Below are the records; extract from them the line containing "民办二本院校排名一览表 民办二本大学排名及分数线" to the line containing "ajio.com the conversion", both lines included, exactly and with no pictures.

Supplied records

----

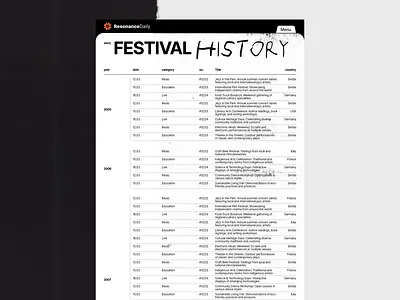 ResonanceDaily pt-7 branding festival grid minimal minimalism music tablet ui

----

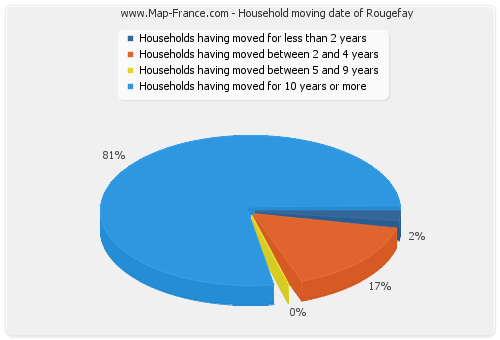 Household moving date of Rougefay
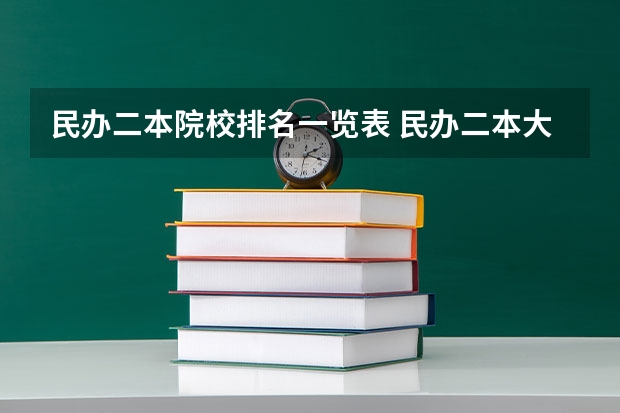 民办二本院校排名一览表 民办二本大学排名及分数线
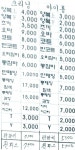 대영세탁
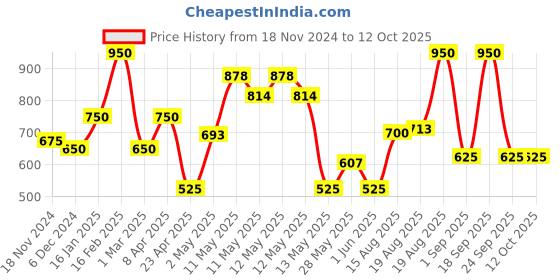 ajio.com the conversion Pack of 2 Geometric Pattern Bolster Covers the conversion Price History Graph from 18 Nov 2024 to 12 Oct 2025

----

Completed task
 民办二本院校排名一览表 民办二本大学排名及分数线
 대영세탁
 ajio.com the conversion Pack of 2 Geometric Pattern Bolster Covers the conversion Price History Graph from 18 Nov 2024 to 12 Oct 2025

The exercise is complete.